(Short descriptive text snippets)
-=-=-=-=-
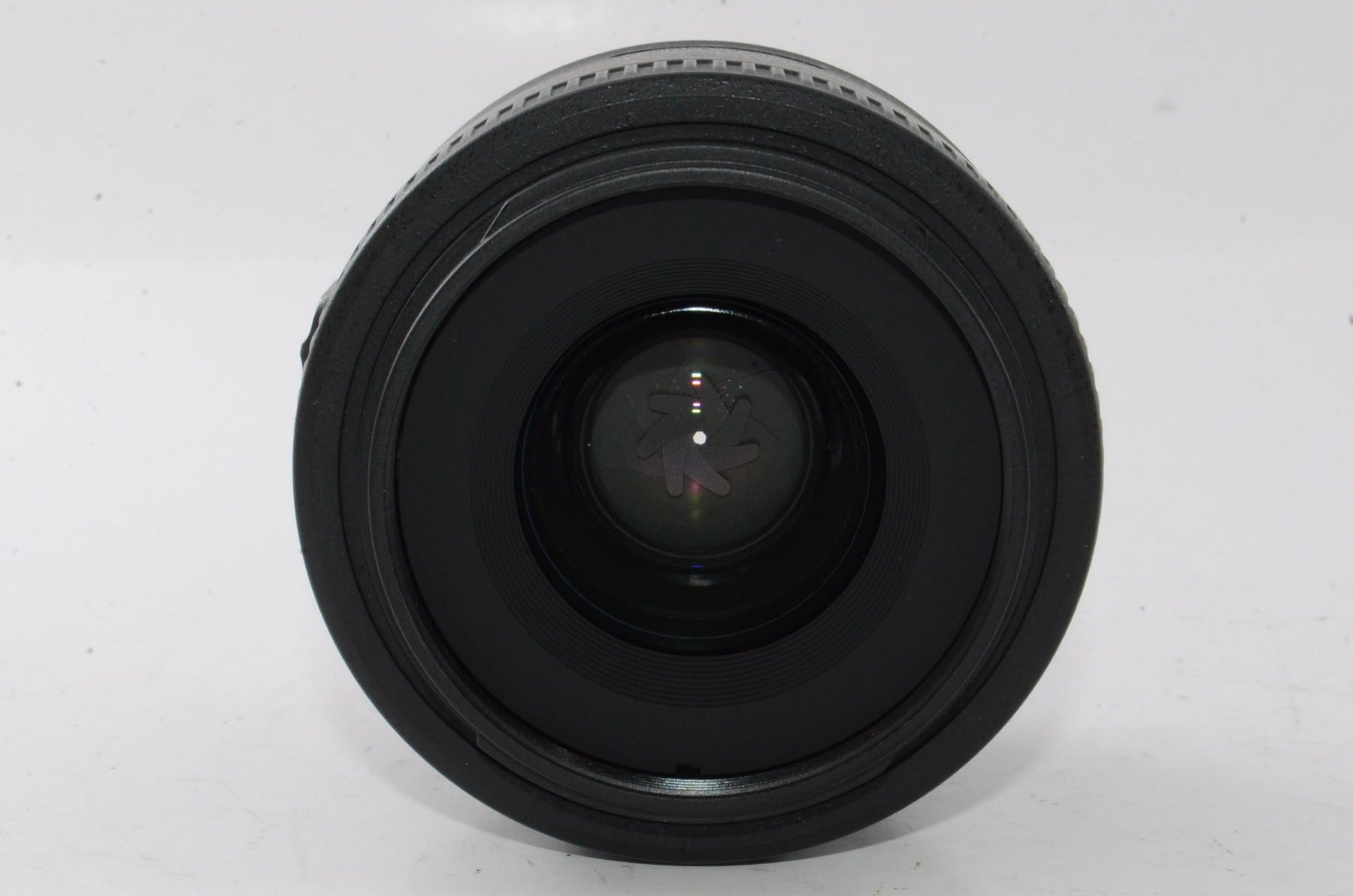 【外観特上級】Nikon 単焦点レンズ AF-S DX NIKKOR 35mm f/1.8G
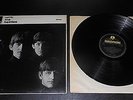 THE BEATLES With the Beatles 1st UK Press Parlophone Stereo PCS 3045 YEX 110-2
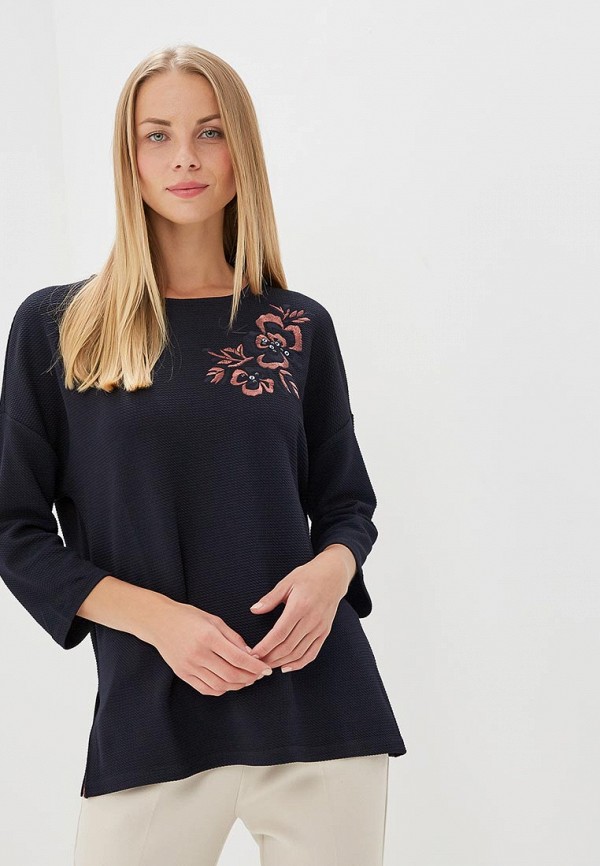 

Свитшот Gerry Weber, Черный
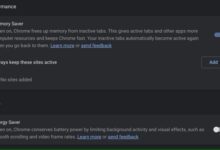 Chrome新增内存释放开关：再次优化内存占用问题 - v2ra小站
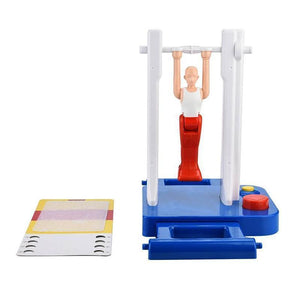 Spinning Gymnastics Guy Toy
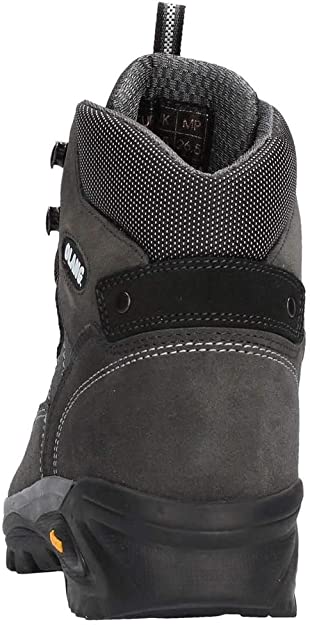 Olang TARVISIO TEX 高筒登山鞋 Vibram大底  Olantex防水內襯7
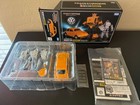 Transformers Masterpiece MP-21 Bumblebee - Authentic, Complete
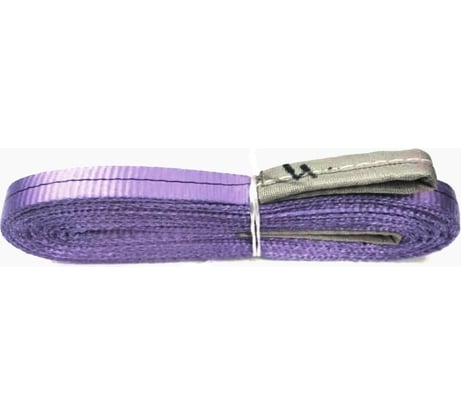 Петлевой строп ООО «Грузовые стропы» 1,0/4,0 стп СТП0140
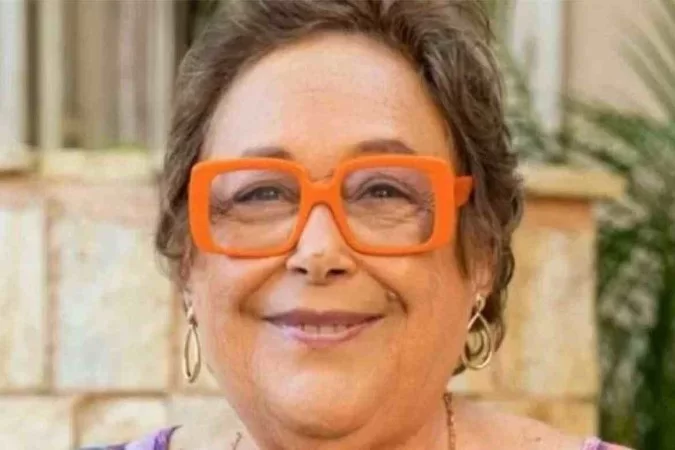  (Foto: TV Globo
)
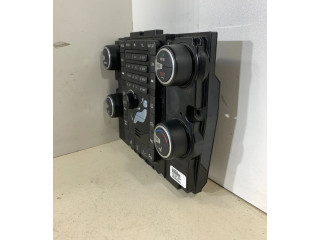 Блок управления климат-контролем 31346513   Volvo V60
-=-=-=-=-
== Task requirements ==
Every entry must be reproduced exactly, with the images left out.

== Written solution ==
 【外観特上級】Nikon 単焦点レンズ AF-S DX NIKKOR 35mm f/1.8G
 THE BEATLES With the Beatles 1st UK Press Parlophone Stereo PCS 3045 YEX 110-2

Свитшот Gerry Weber, Черный
 Chrome新增内存释放开关：再次优化内存占用问题 - v2ra小站
 Spinning Gymnastics Guy Toy
 Olang TARVISIO TEX 高筒登山鞋 Vibram大底  Olantex防水內襯7
 Transformers Masterpiece MP-21 Bumblebee - Authentic, Complete
 Петлевой строп ООО «Грузовые стропы» 1,0/4,0 стп СТП0140
  (Foto: TV Globo
)
 Блок управления климат-контролем 31346513   Volvo V60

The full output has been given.